I'm new to R, and I haven't seen this discussed anywhere, so I'm only 95% confident of my results.
Reading the agnes()
documentation, I see that in the input "matrix or data frame, each row corresponds to an observation, and each column corresponds to a variable. All variables must be numeric."
I have been working with a large dataset containing survey responses from 144 countries. I created a data frame with a Country name column and several columns representing the averages of normalized numeric variables (range 0-1) for that country (one row per country). I used that data frame as the input to agnes()
, and I noticed that the resulting dendrogram showed the countries in alphabetical order.
Code:
Calculate the average value for each numeric variable for each country.
wm <- aggregate(wd2[!names(wd2) %in% c("Country")], list(Country=wd2$Country), mean)
Create dendrogram.
w_dendc <- agnes(wm,method="complete",diss = FALSE, stand = FALSE)
pltree(w_dendw,labels = wm$Country)
This made no sense, so I scoured the documentation and found the quote above. It certainly looked like agnes()
converted the country names into numeric values 1-144. Because that was by far the largest distance measure, it overwhelmed the other variables and resulted in the alphabetized result.
So I tried again leaving out the Country column and simply using the Country as the label source in pltree()

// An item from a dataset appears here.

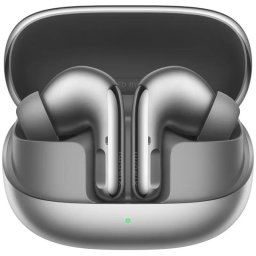Casti Xiaomi Buds 5 Pro BT-Titanium, True Wireless, ANC 55dB, Bluetooth 5.4, Gri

. When I did that, the dendrogram had some very interesting features, and the countries seemed to be grouped by some combination of geographic proximity and educational/economic attainment.
Create dendrogram, leaving out the Country column (first column).
w_dendc <- agnes(wm[,-1],method="complete",diss = FALSE, stand = FALSE)
pltree(w_dendw,labels = wm$Country)
I'm simply asking for validation that my interpretation is correct about agnes()
and the use of factor variables like this.
Thanks!